In Aiden’s case, a growing reward kitty and other contributions is the community saying “I’m so outraged, I have to do something. I can’t let this go. I have to contribute to the collective,” Lurigio said.

In addition to reward money from various residents, business owners and the county’s Board of Supervisors, who pledged $100,000 of taxpayer funds, other efforts include donations as small as $5 and $10 that have added up to more than $362,000 in two GoFundMe accounts for the family. Contributors included Station Donuts in Yorba Linda, which created a special donut in Aiden’s honor and raised $8,150 in just three days, and the Los Alamitos Bronco Pirates baseball team, which donated $160.

The GoFundMe accounts will go to the family. The reward money is separate, and meant to encourage anyone who saw or knows the shooter and the woman driver to come forward.
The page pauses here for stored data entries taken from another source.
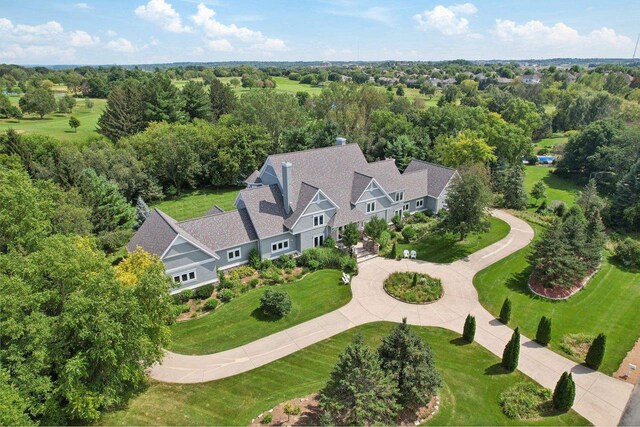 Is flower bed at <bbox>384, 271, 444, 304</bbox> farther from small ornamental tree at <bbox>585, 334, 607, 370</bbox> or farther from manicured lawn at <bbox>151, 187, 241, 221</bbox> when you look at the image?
manicured lawn at <bbox>151, 187, 241, 221</bbox>

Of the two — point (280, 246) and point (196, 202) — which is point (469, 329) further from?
point (196, 202)

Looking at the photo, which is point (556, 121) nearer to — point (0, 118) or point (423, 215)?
point (423, 215)

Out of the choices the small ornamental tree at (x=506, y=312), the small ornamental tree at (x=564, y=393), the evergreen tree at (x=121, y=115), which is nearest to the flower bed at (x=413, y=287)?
the small ornamental tree at (x=506, y=312)

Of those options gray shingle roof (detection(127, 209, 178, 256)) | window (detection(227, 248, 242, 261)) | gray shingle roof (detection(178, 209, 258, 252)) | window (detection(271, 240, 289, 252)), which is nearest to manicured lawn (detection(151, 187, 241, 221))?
gray shingle roof (detection(178, 209, 258, 252))

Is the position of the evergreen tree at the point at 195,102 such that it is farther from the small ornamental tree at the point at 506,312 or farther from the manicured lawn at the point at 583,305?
the small ornamental tree at the point at 506,312

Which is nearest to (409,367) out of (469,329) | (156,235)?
(469,329)

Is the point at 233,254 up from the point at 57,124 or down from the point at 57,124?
down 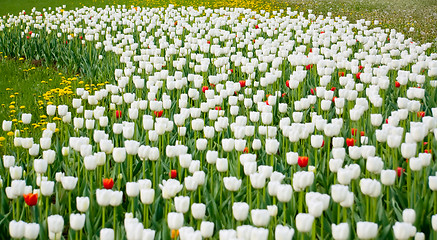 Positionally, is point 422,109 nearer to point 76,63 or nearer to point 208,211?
point 208,211

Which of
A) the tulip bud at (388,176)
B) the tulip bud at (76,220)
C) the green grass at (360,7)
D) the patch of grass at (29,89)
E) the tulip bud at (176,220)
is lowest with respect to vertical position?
the patch of grass at (29,89)

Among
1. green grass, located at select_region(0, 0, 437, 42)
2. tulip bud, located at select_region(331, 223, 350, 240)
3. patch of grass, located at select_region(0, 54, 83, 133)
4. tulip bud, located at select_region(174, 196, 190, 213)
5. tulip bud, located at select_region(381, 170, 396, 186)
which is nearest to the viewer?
tulip bud, located at select_region(331, 223, 350, 240)

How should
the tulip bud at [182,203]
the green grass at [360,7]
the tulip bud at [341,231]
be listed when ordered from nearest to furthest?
1. the tulip bud at [341,231]
2. the tulip bud at [182,203]
3. the green grass at [360,7]

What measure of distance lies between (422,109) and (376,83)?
57 cm

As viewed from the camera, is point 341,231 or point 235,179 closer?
point 341,231

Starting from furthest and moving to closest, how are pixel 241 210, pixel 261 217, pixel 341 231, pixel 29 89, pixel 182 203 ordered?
pixel 29 89 → pixel 182 203 → pixel 241 210 → pixel 261 217 → pixel 341 231

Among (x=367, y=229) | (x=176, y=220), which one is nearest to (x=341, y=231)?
(x=367, y=229)

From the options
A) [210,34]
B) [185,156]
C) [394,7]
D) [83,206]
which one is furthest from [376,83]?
[394,7]

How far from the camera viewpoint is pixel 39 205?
368 centimetres

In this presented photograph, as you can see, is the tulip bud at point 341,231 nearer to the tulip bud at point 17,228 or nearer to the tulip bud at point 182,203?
Answer: the tulip bud at point 182,203

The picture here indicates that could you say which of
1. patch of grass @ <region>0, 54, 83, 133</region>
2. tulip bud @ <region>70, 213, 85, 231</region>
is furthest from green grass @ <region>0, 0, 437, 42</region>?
tulip bud @ <region>70, 213, 85, 231</region>

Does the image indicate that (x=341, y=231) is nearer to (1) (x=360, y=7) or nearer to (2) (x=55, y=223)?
(2) (x=55, y=223)

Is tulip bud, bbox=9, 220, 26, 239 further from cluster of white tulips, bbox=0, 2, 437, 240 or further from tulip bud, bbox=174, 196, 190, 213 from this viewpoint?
tulip bud, bbox=174, 196, 190, 213

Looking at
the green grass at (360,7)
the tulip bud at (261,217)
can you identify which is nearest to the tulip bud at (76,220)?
the tulip bud at (261,217) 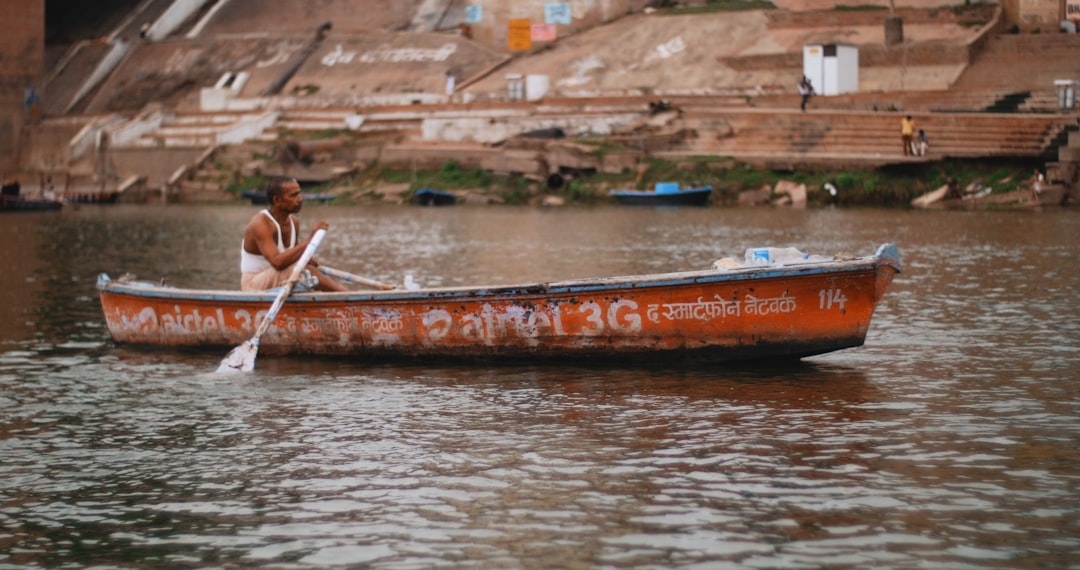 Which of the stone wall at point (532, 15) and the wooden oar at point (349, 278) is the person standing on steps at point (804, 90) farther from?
the wooden oar at point (349, 278)

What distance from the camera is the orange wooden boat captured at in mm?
11992

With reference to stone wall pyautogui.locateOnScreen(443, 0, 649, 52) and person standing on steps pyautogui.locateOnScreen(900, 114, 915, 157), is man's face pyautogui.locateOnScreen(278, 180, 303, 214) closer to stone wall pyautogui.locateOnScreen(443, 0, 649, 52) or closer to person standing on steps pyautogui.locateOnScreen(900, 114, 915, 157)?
person standing on steps pyautogui.locateOnScreen(900, 114, 915, 157)

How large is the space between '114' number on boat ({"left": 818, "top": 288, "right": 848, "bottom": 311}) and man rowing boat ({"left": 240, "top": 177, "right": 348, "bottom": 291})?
428 cm

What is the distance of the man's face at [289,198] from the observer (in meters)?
13.6

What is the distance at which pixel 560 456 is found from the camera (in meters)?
9.47

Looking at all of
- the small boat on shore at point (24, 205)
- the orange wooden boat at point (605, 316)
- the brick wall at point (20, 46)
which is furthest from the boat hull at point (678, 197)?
the brick wall at point (20, 46)

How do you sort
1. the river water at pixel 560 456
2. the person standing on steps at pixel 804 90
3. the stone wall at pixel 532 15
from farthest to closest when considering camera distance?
the stone wall at pixel 532 15, the person standing on steps at pixel 804 90, the river water at pixel 560 456

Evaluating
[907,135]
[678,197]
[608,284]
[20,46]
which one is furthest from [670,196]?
[20,46]

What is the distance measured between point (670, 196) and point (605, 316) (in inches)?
1147

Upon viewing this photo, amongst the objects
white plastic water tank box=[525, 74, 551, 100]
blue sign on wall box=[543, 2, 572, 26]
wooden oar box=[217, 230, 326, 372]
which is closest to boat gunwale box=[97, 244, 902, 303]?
wooden oar box=[217, 230, 326, 372]

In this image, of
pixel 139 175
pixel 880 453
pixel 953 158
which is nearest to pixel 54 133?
pixel 139 175

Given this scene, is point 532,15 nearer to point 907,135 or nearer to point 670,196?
point 670,196

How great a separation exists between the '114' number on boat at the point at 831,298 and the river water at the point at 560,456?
1.99 feet

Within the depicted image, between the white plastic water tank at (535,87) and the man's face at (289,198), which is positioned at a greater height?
the white plastic water tank at (535,87) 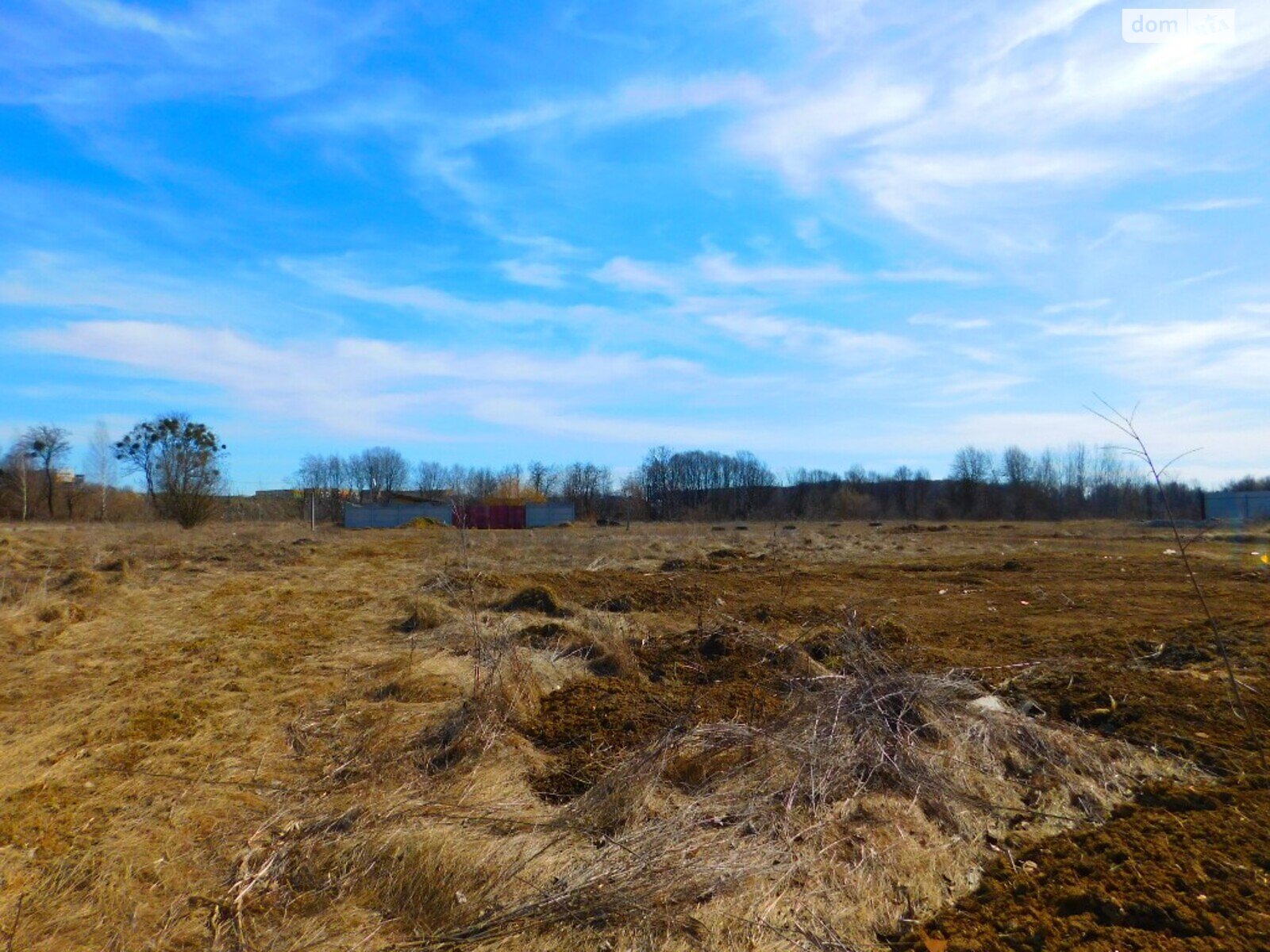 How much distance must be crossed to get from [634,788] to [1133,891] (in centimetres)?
213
Authorities say a woman was driving a white Volkswagen Golf SportWagen on May 21 on the 55 Freeway, near Chapman Avenue in Orange, when a male passenger shot at the Leos’ Chevrolet during what police have called a road rage incident. The bullet went through the back of the Chevrolet and struck the boy, who was in his booster in the back seat of the car driven by his mother, Joanna Cloonan.

Rewards are not common in Orange County. In recent years, one successful reward campaign led to the capture of three men who escaped the local county jail and eventually drove to northern California. In that 2016 case, four tipsters split $150,000, with $100,000 going to a homeless man in San Francisco who alerted police to the fugitives.

Officials can’t say if rewards lead to arrests. “Whether it’s an effective tool or not, it’s not something we track,” said Orange County Sheriff Sgt. Todd Hylton. “Determining the effectiveness is hard to quantify.”

California Highway Patrol Officer John DeMatteo also couldn’t speak to the effectiveness of reward money. Neither agency is involved in the rewards offers in Aiden’s killing.

But CHP is getting more tips since they released a photo of the suspects’ car, a white Volkswagen Golf SportWagen.  “It’s a newer model, and not an extremely common vehicle,” DeMatteo said.

Large four by 10-foot black banners are going up across Orange County and the Inland Empire, with the question “Who killed Aiden?” The banners feature a website, (aiden-reward.com), with photos of the suspects’ car and other information.  That was created by people affiliated with the Huntington Beach martial arts school, Z-Ultimate Self Defense Studios.

“When I heard about this, it wrecked me,” said Kris Eszlinger, of the martial arts school. He and colleague Brian Hyman planned to put up 25 banners in recent days.

One of the banners is outside Watson’s Soda Fountain and Café in Orange, where District Attorney Todd Spitzer held a press conference last Friday beseeching the suspects to turn themselves in.  “You killed a little boy. A little boy who today should be in kindergarten,” he said, using a bank of cameras to address the shooter directly.

Skeffington, who along with his friends are putting up $50,000 of the $400,000 pledged in rewards, owns Watson’s and several other businesses. Late last week Watson’s and Rockwell’s Bakery in Villa Park and San Clemente, also owned by Skeffington, started selling custom sugar cookies featuring a teddy bear and the words “Justice for Aiden.” All money raised will be added to reward funds.

Bakery manager Kendyl Skeffington said the cookies have sold out every day.